Unfortunately, Pajitnov did not receive any royalties for Tetris till 1996 when he moved to the US and formed The Tetris Company.

Even though the game was popular in its heydey (The 1989 Game Boy version sold 35 million copies), Tetris is still relevant today: Games Industry International reports that Tetris is now at 425 million paid mobile downloads.

And that number does not include free-to-play versions.

Where can you currently play Tetris now?

Ubisoft announced the upcoming release of “Tetris Ultimate’’ for PlayStation 4 and Xbox One, and Electronic Arts just added a new mode of Tetris Blitz for iOS and Android called “Retro Blitz’’ in honor of the anniversary.

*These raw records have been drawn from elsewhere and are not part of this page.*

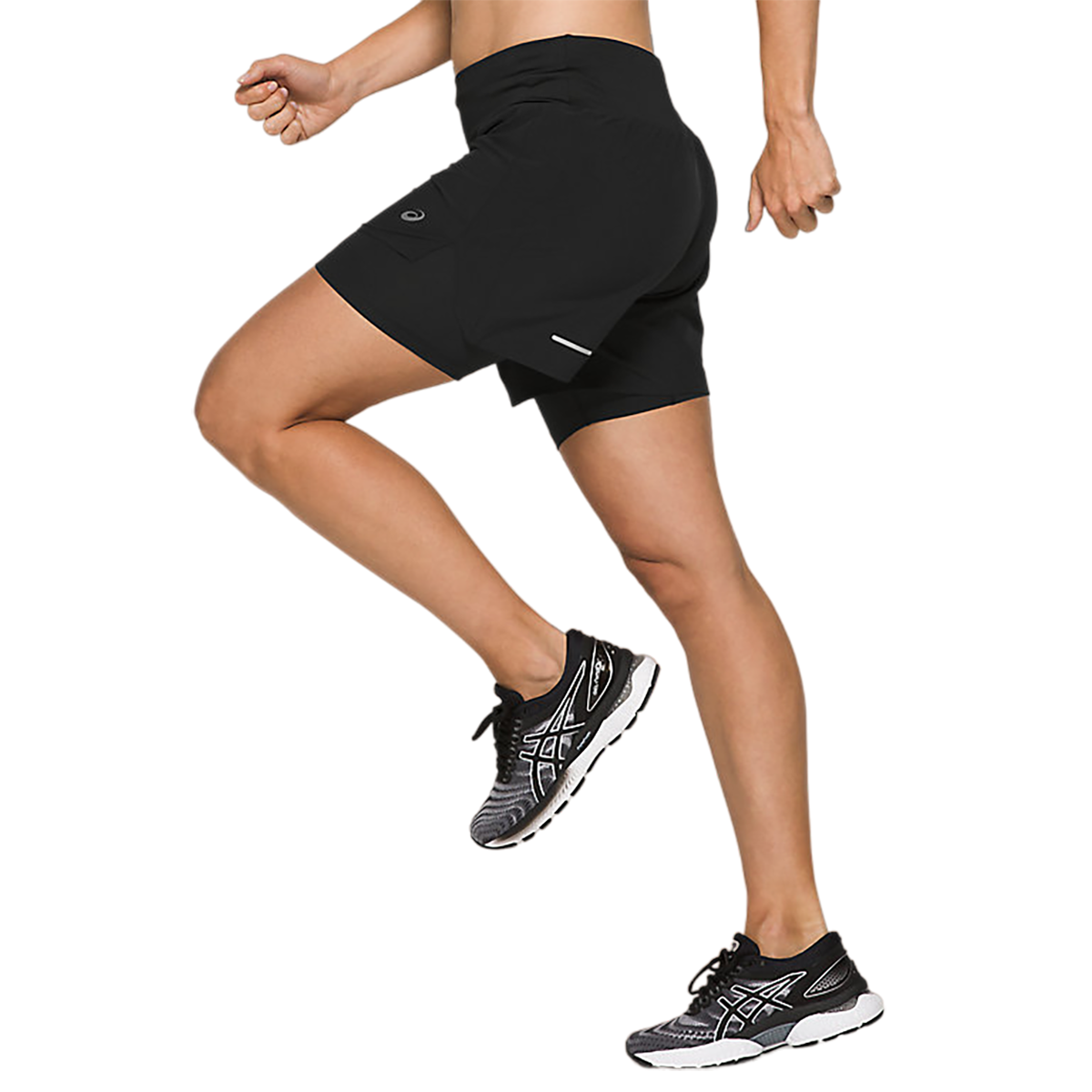Asics Road 2-in-1 5.5" Short
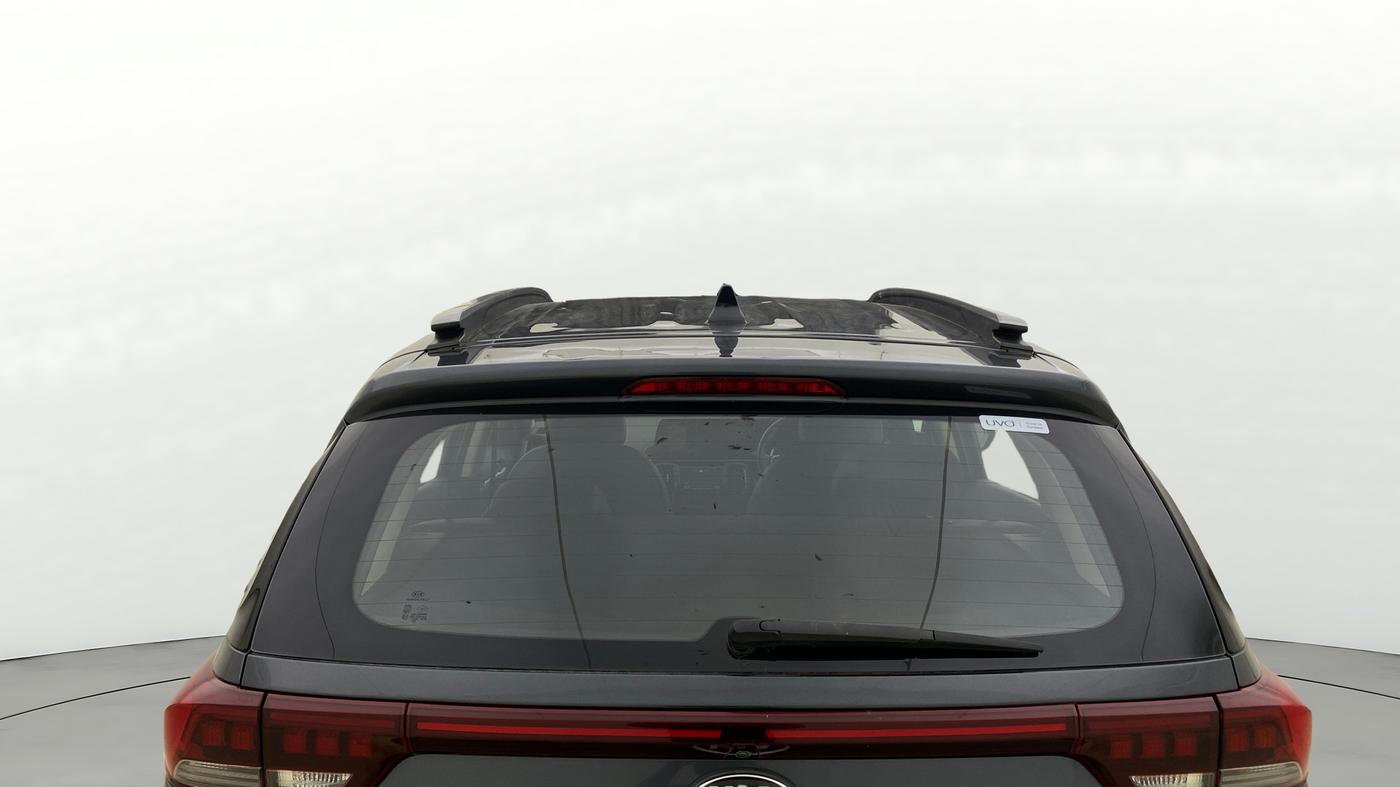 2020 KIA SONET GTX PLUS 1.5 AT, Diesel, Automatic, 62,057 km, Rear Windshield
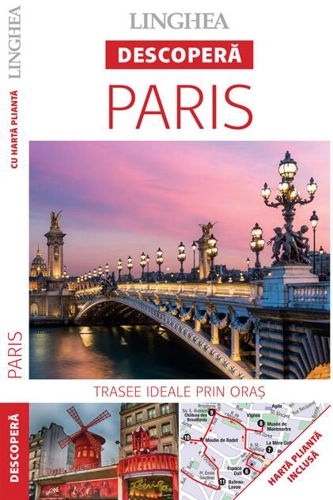 Descoperă Paris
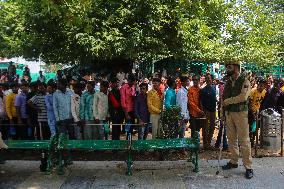 Raksha Bandhan Celebrations In Kashmir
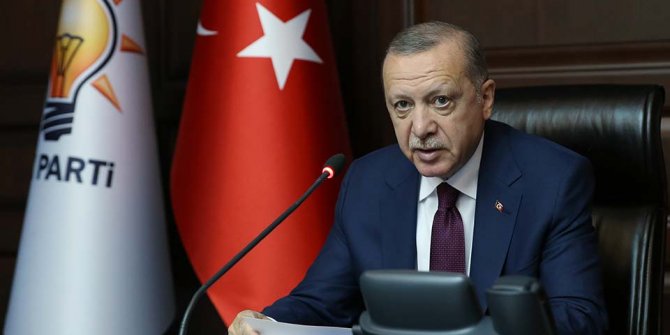 Erdoğan: Şüphesiz Kovid-19 aşısı insanlığın ortak malı olmalı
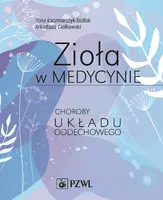Okładka: Zioła w medycynie. Choroby układu oddechowego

The game has a few Boston connections, too.

Lori Baker, the wife of Boston Globe reporter Billy Baker, was named the Tetris World Champion of 2007. Competing at the International Classic Video Game & Pinball Tournament in New Hampshire, she set the new record with 841 lines, blowing the previous record – 327 lines – out of the water.

In 2012, MIT pranksters converted one side of a high-rise building on their Cambridge campus into a giant Tetris video game board. They rigged lighting behind the windows to make it appear as though Tetris blocks were actually falling down the building’s façade.


Check out the video here.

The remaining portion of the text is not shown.